Using ClickHouse for L7 DDoS and Bot Traffic Analytics with Tempesta FW

Most open-source L7 DDoS mitigation and bot-protection approaches rely on challenges (e.g., CAPTCHA or JavaScript proof-of-work) or static rules based on the User-Agent, Referer, or client geolocation. These techniques are increasingly ineffective, as they are easily bypassed by modern open-source impersonation libraries and paid cloud proxy networks.

We explore a different approach: classifying HTTP client requests in near real time using ClickHouse as the primary analytics backend.

We collect access logs directly from Tempesta FW (https://github.com/tempesta-tech/tempesta), a high-performance open-source hybrid of an HTTP reverse proxy and a firewall.
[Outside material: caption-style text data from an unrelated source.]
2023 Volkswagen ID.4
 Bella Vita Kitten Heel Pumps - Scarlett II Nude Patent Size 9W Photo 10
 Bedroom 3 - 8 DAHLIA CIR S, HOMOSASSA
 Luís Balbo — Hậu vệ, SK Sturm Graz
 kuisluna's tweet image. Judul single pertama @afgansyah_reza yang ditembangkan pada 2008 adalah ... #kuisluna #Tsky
Tempesta FW implements zero-copy per-CPU log shipping into ClickHouse, so the dataset growth rate is limited only by ClickHouse bulk ingestion performance - which is very high.

WebShield (https://github.com/tempesta-tech/webshield/), a small open-source Python daemon:

* periodically executes analytic queries to detect spikes in traffic (requests or bytes per second), response delays, surges in HTTP error codes, and other anomalies;

* upon detecting a spike, classifies the clients and validates the current model;

* if the model is validated, automatically blocks malicious clients by IP, TLS fingerprints, or HTTP fingerprints.

To simplify and accelerate classification — whether automatic or manual — we introduced a new TLS fingerprinting method.

WebShield is a small and simple daemon, yet it is effective against multi-thousand-IP botnets.